There have been so many complaints and distrusts about this film but is the savage press’s attacks worth their breath? It is hard to imagine a film being that bad.

In the new sci-fi comedy, Eddie Murphy stars as the title character, which is a reformed smuggler and successful nightclub owner on the Moon in the year 2087. Nash is living the high-life until a crazy and mysterious mobster named Rex Crater wants his club. Crater sends his thugs in to take care of business and Nash is forced to reform back to his old days to uncover the mystery of mobster. Along for the ride with Nash are an abandoned nightclub singer (Rosario Dawson) and Nash’s robotic bodyguard (Randy Quaid).

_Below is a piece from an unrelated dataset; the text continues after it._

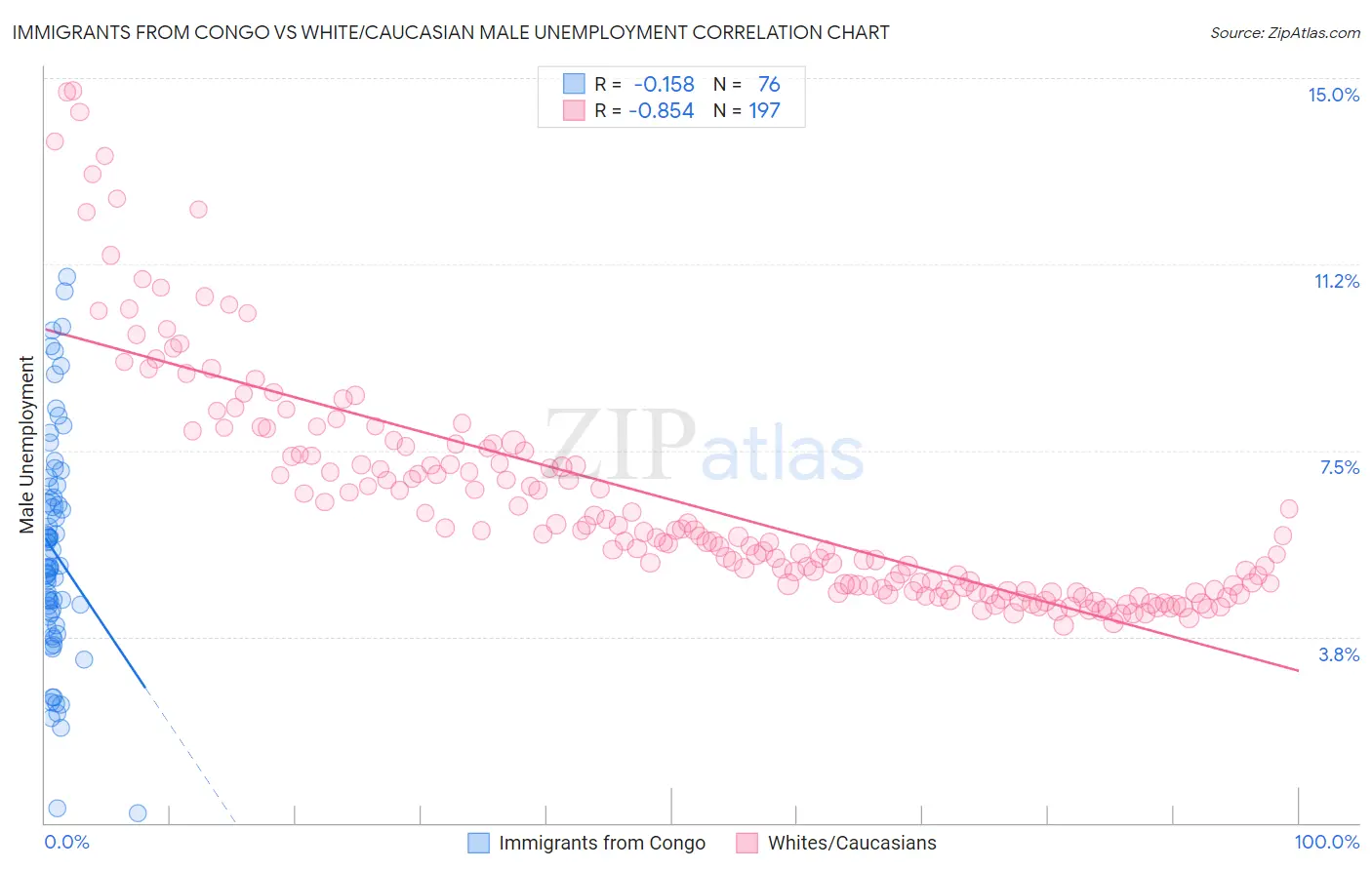 Immigrants from Congo vs White/Caucasian Male Unemployment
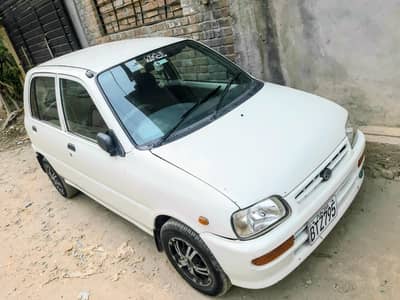 URGENTLY SALE CUORE 2007 AC ALLOY RIMS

Does anyone remember the Robin Williams’ film “Toys” or maybe the huge box-office bomb “Howard the Duck” or even the awful John Travolta film “Battlefield: Earth“. Well I would have to put “The Adventures of Pluto Nash” in the same category as those films.

What these four films all have in common is a very unique and a beleaguered attempt at trying to be utterly original. Each of these three films displayed oodles of originality but each of their individual stories couldn’t hold the project afloat. Some times when film visionaries tackle original concepts they forget they need a strong story to hold an audience locked within that newly created world. If both of these concepts can live up to each other then you will have an amazing project.

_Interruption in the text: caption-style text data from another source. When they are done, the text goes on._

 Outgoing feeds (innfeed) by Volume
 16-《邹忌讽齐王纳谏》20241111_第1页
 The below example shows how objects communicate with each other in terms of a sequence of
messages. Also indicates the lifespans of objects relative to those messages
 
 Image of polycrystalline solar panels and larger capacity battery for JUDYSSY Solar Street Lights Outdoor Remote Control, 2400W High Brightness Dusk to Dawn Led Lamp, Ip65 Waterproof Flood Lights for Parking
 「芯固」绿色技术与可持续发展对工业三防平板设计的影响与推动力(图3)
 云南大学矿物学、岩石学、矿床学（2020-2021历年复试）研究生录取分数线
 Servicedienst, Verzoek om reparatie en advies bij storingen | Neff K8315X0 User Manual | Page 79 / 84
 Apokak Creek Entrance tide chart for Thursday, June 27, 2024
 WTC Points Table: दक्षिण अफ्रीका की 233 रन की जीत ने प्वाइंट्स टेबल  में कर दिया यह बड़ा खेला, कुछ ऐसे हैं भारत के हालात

I have to admire “Pluto Nash” for taking a chance with an original concept but the film needed a stronger script that needed to decide if in fact it was a full-blown sci-fi comedy like “Spaceballs” or a campy sci-fi adventure flick like maybe “Ice Pirates“.

I have always said that I love films that take chances and strive to overcome the generic Hollywood model. Most films today you can often compare them to something before it but maybe with a little of another film thrown in. For example take a movie like “Signs“, the film is an obvious combination of “The Sixth Sense” and “Close Encounters of the Third Kind” with a little dash of “War of the Worlds“.

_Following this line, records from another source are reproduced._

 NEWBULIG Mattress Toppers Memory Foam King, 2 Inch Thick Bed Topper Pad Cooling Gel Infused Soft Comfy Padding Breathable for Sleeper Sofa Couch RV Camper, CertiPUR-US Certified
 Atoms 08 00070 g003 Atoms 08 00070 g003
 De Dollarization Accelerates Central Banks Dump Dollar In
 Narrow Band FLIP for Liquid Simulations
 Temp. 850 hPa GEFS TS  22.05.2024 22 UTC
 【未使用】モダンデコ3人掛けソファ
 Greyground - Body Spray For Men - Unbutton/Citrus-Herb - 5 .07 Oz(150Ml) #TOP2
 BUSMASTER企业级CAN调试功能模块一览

I liked the campy design of the “Moon-world” and a lot of the crazy characters that inhabit the place. I especially like Randy Quaid’s robot bodyguard, Bruno and John Cleese’s stuffy, spoiled and attitude-driven car. There are some interesting moments and funny parts within “Pluto Nash”. It just needed a stronger script.

I just think people look at a film that has been delayed, over-budgeted (budget was close to $100 million) and a stuck-up star like Eddie Murphy as a sign of a disaster. Hiding the film from critics probably wasn’t very wise either. Murphy hardly ever meets the demands of publicity for a film anyway. I have seen films that are a lot worse and they weren’t hidden from the press. Pluto Nash had an upward battle just trying to get out the gate.